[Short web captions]
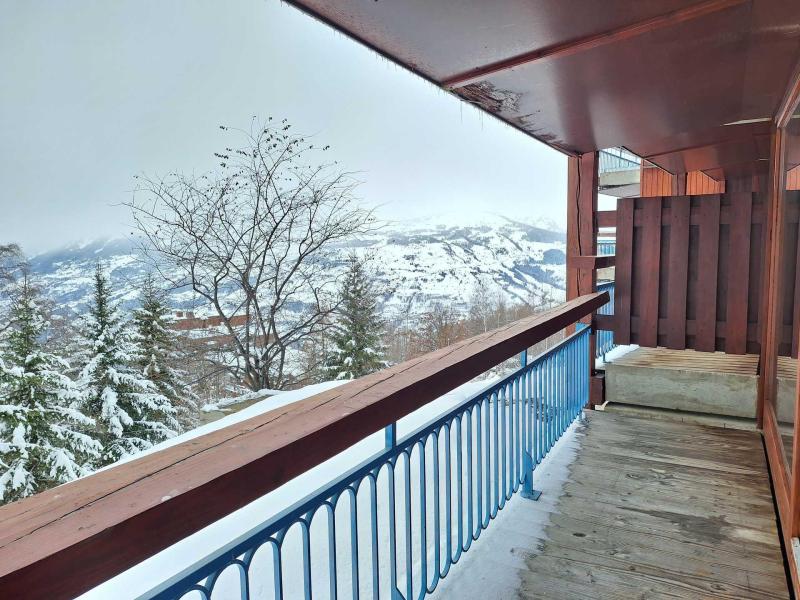 Urlaub in den Bergen 2-Zimmer-Holzhütte für 6 Personen (230) - Résidence Nova - Les Arcs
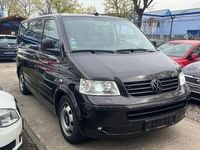 Gebraucht VW Multivan Edition 174 PS (127 kW) 2006 Braun Van / Kleinbus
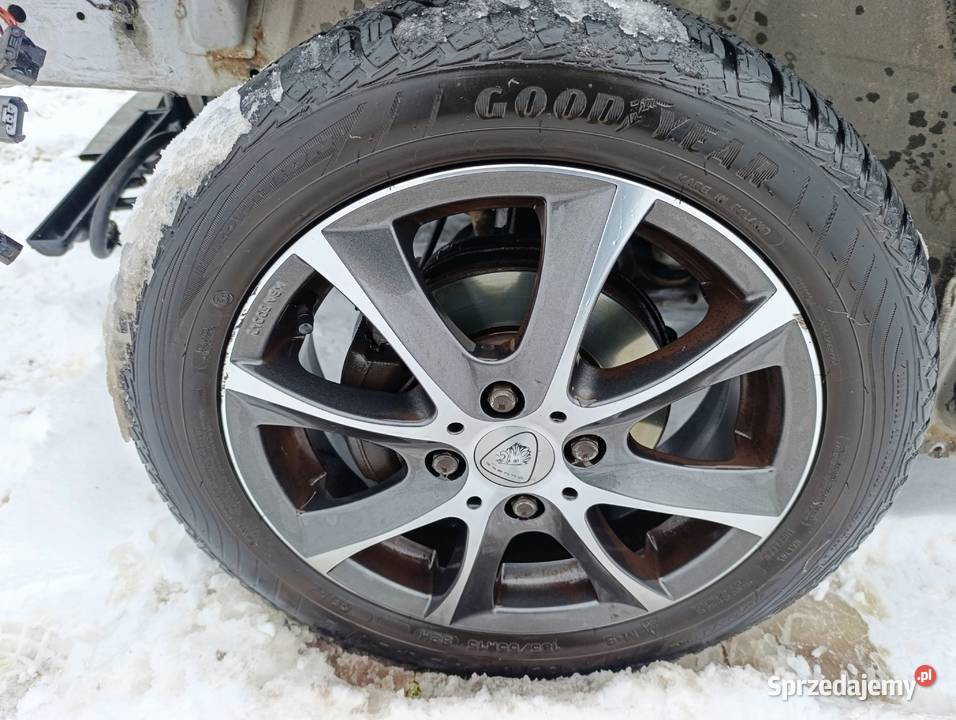 Felgi koła 15 Honda jazz Tarnów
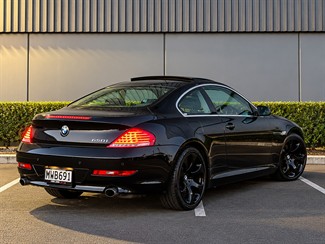 2008 BMW 650i - Thumbnail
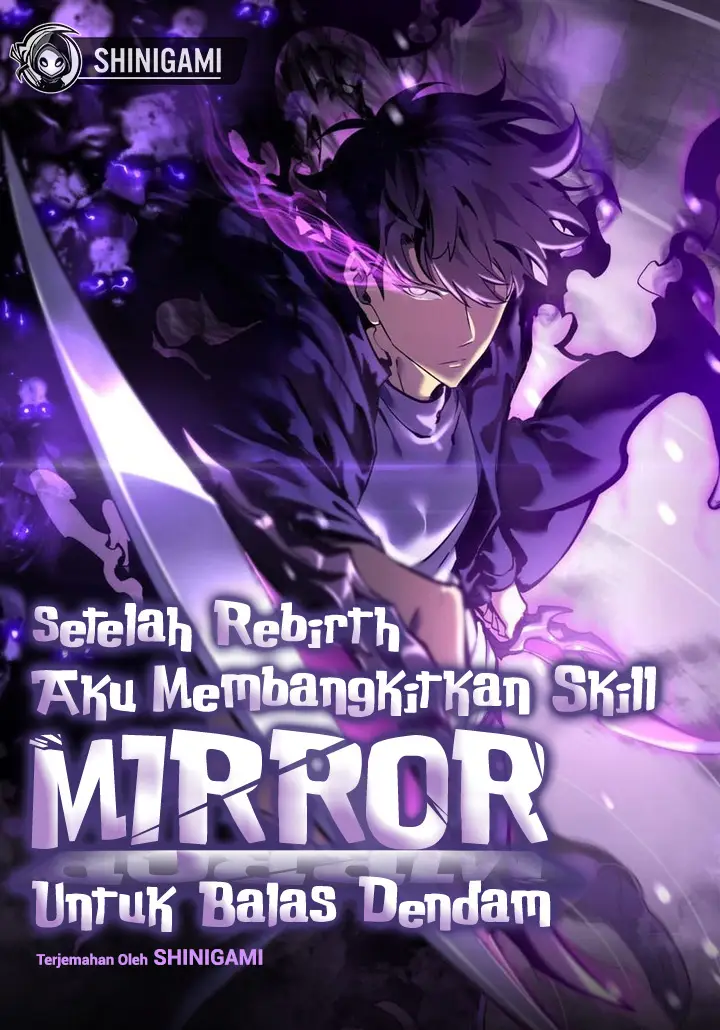 After Rebirth, I Used Mirror Reversal For Vengeance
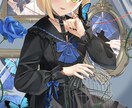 細かく綺麗な可愛いイラストをお届けします 【一枚イラスト】【サムネイラスト等】 イメージ3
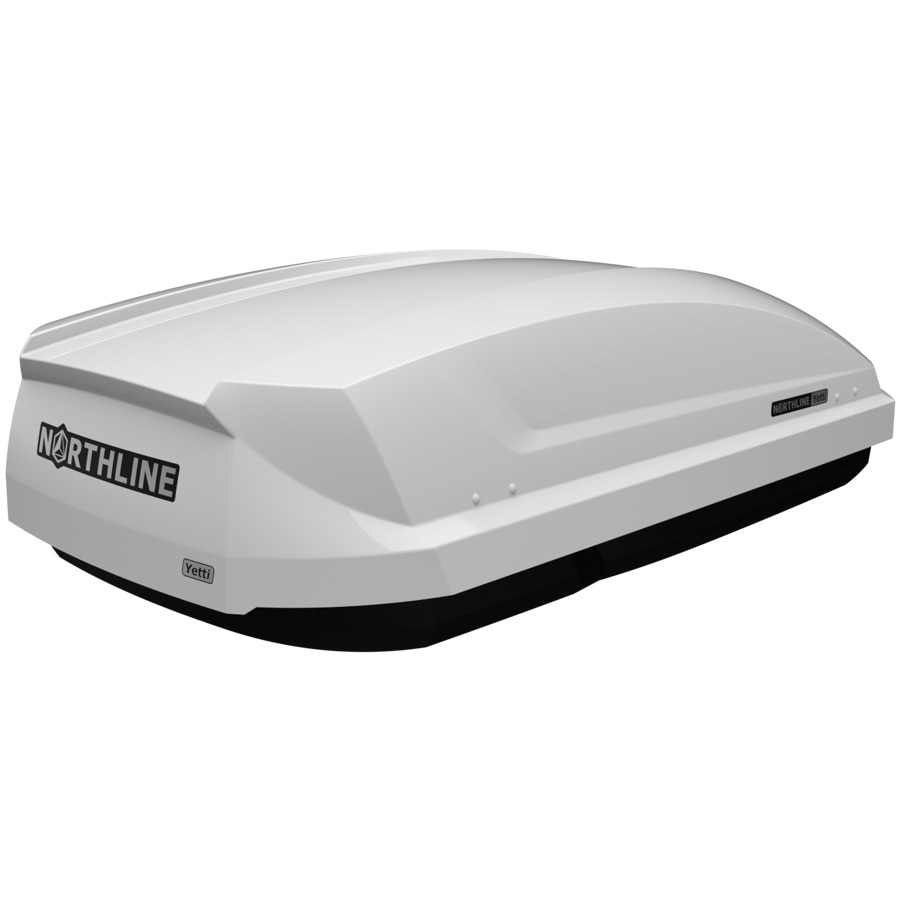 Автобокс Northline Yetti, 300 л, 131 см x 72 см x 36 см, Закрепване към ...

> Task brief: What is needed is an exact printout of every record above, with the pictures left out.

> Result for this task:
 Urlaub in den Bergen 2-Zimmer-Holzhütte für 6 Personen (230) - Résidence Nova - Les Arcs
 Gebraucht VW Multivan Edition 174 PS (127 kW) 2006 Braun Van / Kleinbus
 Felgi koła 15 Honda jazz Tarnów
 2008 BMW 650i - Thumbnail
 After Rebirth, I Used Mirror Reversal For Vengeance
 細かく綺麗な可愛いイラストをお届けします 【一枚イラスト】【サムネイラスト等】 イメージ3
 Автобокс Northline Yetti, 300 л, 131 см x 72 см x 36 см, Закрепване към ...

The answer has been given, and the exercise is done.